* **Records provided**:
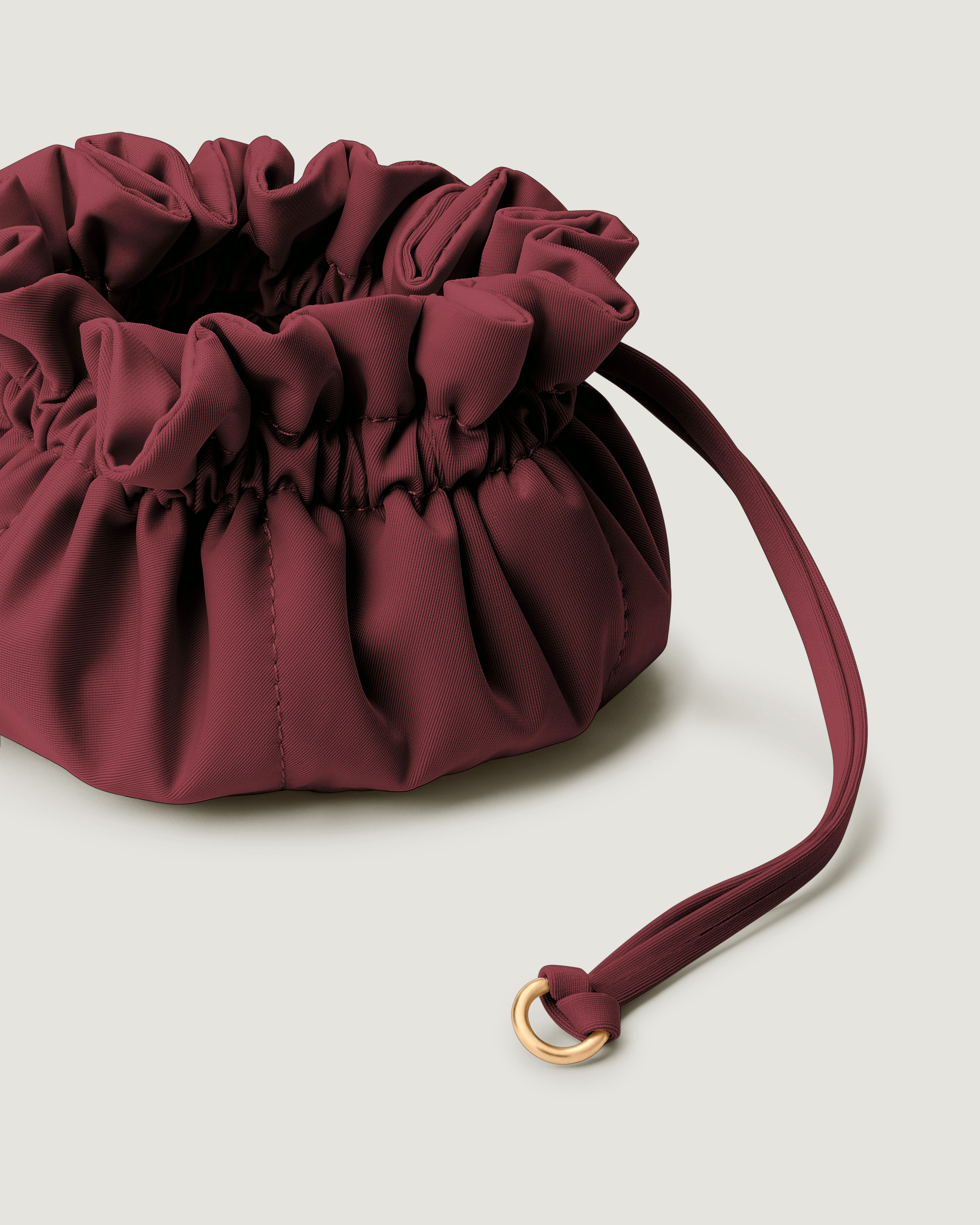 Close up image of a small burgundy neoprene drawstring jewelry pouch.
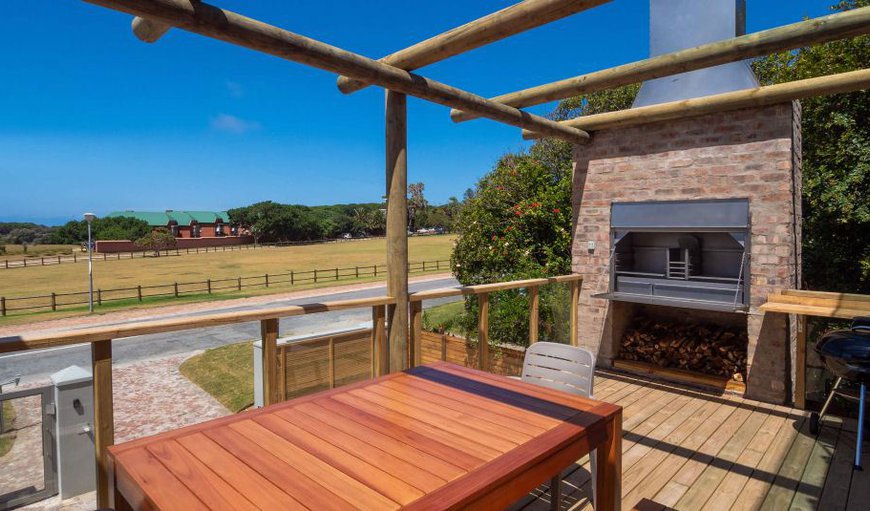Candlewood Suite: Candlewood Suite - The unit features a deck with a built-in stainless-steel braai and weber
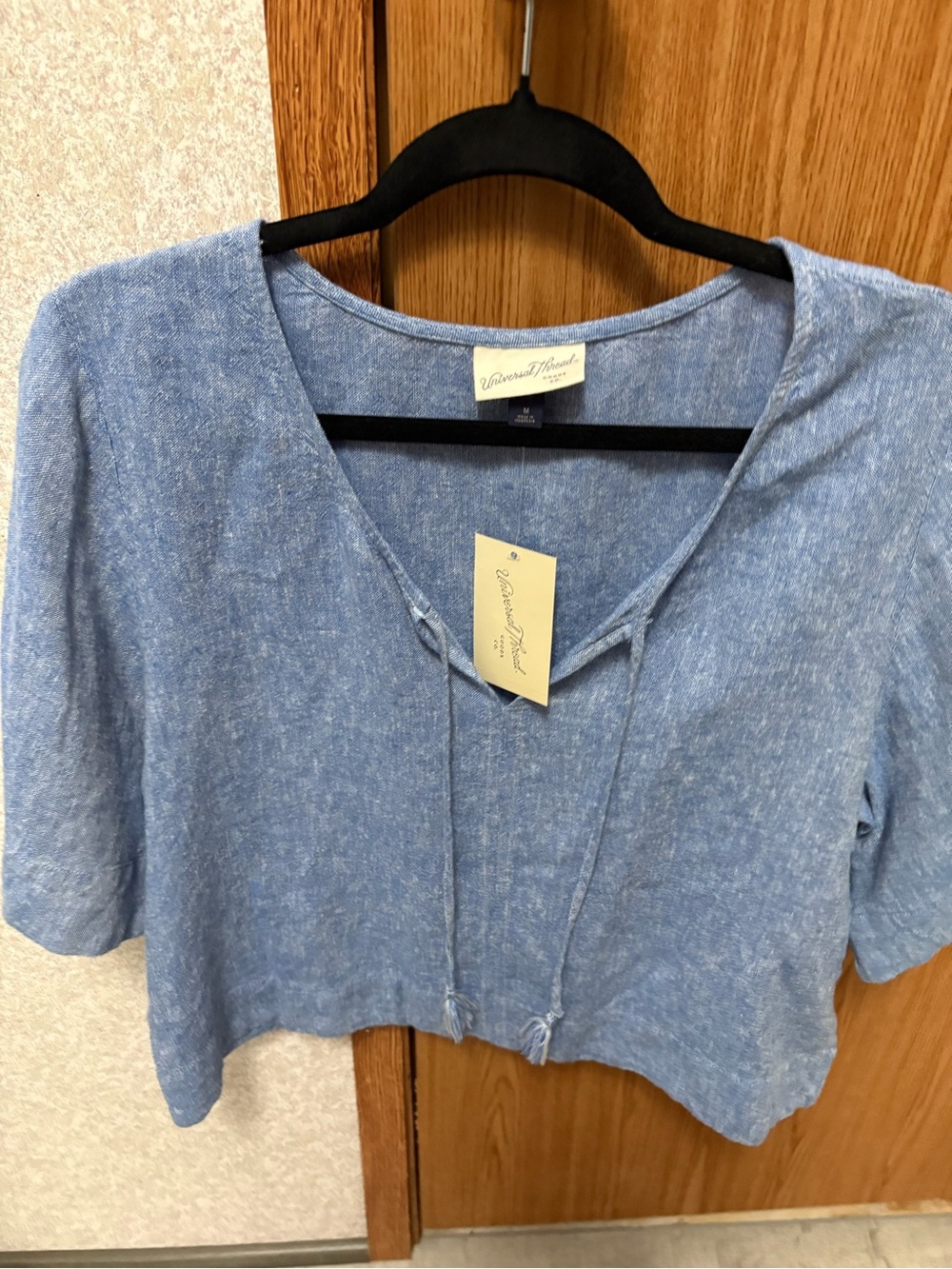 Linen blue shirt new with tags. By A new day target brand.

--

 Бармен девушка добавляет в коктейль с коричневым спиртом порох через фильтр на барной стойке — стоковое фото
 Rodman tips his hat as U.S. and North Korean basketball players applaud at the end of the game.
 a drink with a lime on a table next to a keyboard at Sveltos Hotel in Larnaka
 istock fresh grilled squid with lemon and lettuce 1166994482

* **Problem requirements**: Would you copy out, exactly and with no pictures, only the lines above from the one that contains "Close up image" through the one that contains "Linen blue shirt"?

* **Response box**:
 Close up image of a small burgundy neoprene drawstring jewelry pouch.
Candlewood Suite: Candlewood Suite - The unit features a deck with a built-in stainless-steel braai and weber
 Linen blue shirt new with tags. By A new day target brand.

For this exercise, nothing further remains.